[[ SOURCE MATERIAL open ]]

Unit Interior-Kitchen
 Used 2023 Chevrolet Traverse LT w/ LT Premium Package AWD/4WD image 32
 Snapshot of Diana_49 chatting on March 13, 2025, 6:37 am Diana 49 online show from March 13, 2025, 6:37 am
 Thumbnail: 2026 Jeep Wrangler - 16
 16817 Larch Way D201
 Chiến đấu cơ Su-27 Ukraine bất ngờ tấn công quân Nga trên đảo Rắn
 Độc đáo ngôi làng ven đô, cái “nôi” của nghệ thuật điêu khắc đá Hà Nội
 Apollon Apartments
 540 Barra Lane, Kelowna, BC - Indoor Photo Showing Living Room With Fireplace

[[ SOURCE MATERIAL closed ]]

| EXERCISE BRIEF |
Type out the entire listing again, matching every line exactly.

| EXERCISE RESPONSE |
Unit Interior-Kitchen
 Used 2023 Chevrolet Traverse LT w/ LT Premium Package AWD/4WD image 32
 Snapshot of Diana_49 chatting on March 13, 2025, 6:37 am Diana 49 online show from March 13, 2025, 6:37 am
 Thumbnail: 2026 Jeep Wrangler - 16
 16817 Larch Way D201
 Chiến đấu cơ Su-27 Ukraine bất ngờ tấn công quân Nga trên đảo Rắn
 Độc đáo ngôi làng ven đô, cái “nôi” của nghệ thuật điêu khắc đá Hà Nội
 Apollon Apartments
 540 Barra Lane, Kelowna, BC - Indoor Photo Showing Living Room With Fireplace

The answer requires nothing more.